The major argument of pro is that they think it’s very hard for someone to refuse marrying (strong family pressure) a cousin so it’s a major source of forced weddings…
but Pakistani is the main non-european immigrant community in Norway, and someone came with an astonishing statistic: 50% of Pakistanis living in Norway are married with cousins:eek: Do you believe it? (link to the article below, sorry it’s in norwegian) http://www.aftenposten.no/nyheter/iriks/article1059040.ece
So one can say it’s directed against Pakis first…anyway do you think forbiding cousin marige is an efficient way to prevent forced wedding?
other people think you only need to raise legal marital age to prevent it..like Denmark where it’s forbidden to live with a non-EU national below the age of 24 (as a result those who want it go to Sweden)…
ok as far as I know general measures against forced marriage allways deprive someone else right to marry who one wants (may it be a cousine, a young foreigner…) while it’s not solving the problem of those who suffer.
I guess finacial support and justice help to those who can escape forced wedding is better.

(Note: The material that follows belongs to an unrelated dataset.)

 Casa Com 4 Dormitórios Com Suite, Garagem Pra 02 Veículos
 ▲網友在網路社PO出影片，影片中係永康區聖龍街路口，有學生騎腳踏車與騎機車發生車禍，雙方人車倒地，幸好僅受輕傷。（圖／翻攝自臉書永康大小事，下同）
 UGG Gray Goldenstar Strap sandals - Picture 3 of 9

I know some parents have been sent to jail in France because they had forced their young daughters to marry strangers in their african native village…

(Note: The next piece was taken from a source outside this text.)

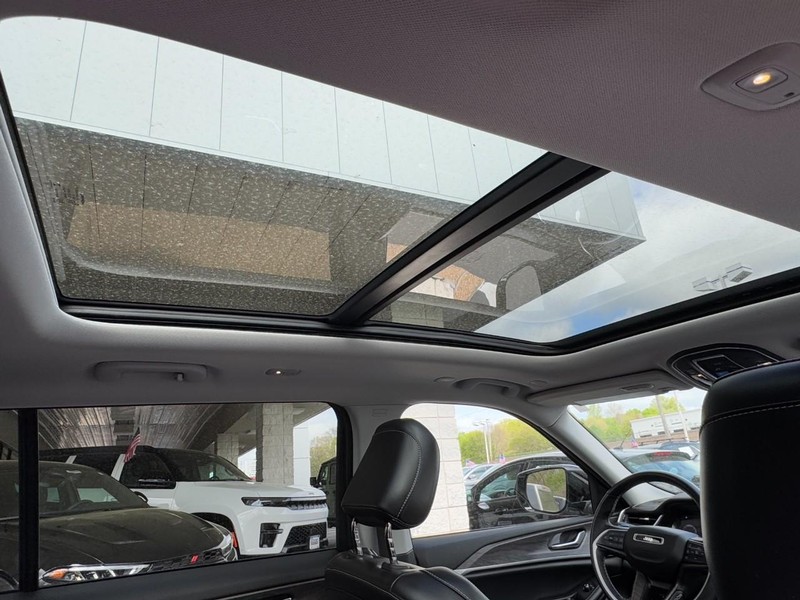 Jeep Grand Cherokee L Vehicle Full-screen Gallery Image 12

I’d like to know fellow guppies opinion on that topic…and are there guppies in North Europe?
That’s easy to believe .. I have a book by a French academic at home where he states that around 42% of Pakistanis in Pakistan are married to cousins. Pakistan has the highest rate of cousin marriages in the Muslim world.

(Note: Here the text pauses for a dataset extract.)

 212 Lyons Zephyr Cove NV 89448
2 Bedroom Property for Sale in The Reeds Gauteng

Surprisingly, Iran, which is right next door, has one of the lowest rates of cousing marriages. I think Iran’s rate is 3%.
This has been discussed on GS a couple of times before. I think a major part of it is that in Pakistani culture, a marriage is between more than just the two individuals - a marriage is a tie of two families.
People are not just concerned about their child marrying a partner who is compatible with their child - they also need to make sure that their child married into a family that is compatible with them.
When someone marries their cousin, they are marrying into a family their own family has known intimately from the very beginning. The amount is risk is thus reduced.
Also, in a culture that prizes loyalty to family, cousin marriages are an opportunity allow two branches of the same family to prove how loyal they are to each other.
Obviously different pakistani families have different attitudes to cousin marriages. I know some that just don’t do it at all, some that only do cousin marriages, some that dislike them but occasioanally do them, and some that generally do cousin marriages but who are open to “outsiders”.
In my own family, they are generally very rare. When they do happen, it generally tends to be between second or third cousins (i.e someone marrying the daughter of their mother’s cousin), or the grandson of their grandfather’s cousin.
I read in a magazine that it's illegal in 23 states of USA to marry your first cousin :-. I used to think it was really nasty, but now ever since I found out how common it is in Pakistan it's like yea whateva.
it was so much hoped for in our family at one point to marry to this cousin and that cousin.
now story is none of my cousins are married to any cousin in the family :)
we are total 7 from fathers side including me and my sisters
and 11 from mothers side.
oh i missed my phupho - army she managed to have 7 equalise the total number of her 4 brothers have combined.
none of above mentioned cousins got married to cousins.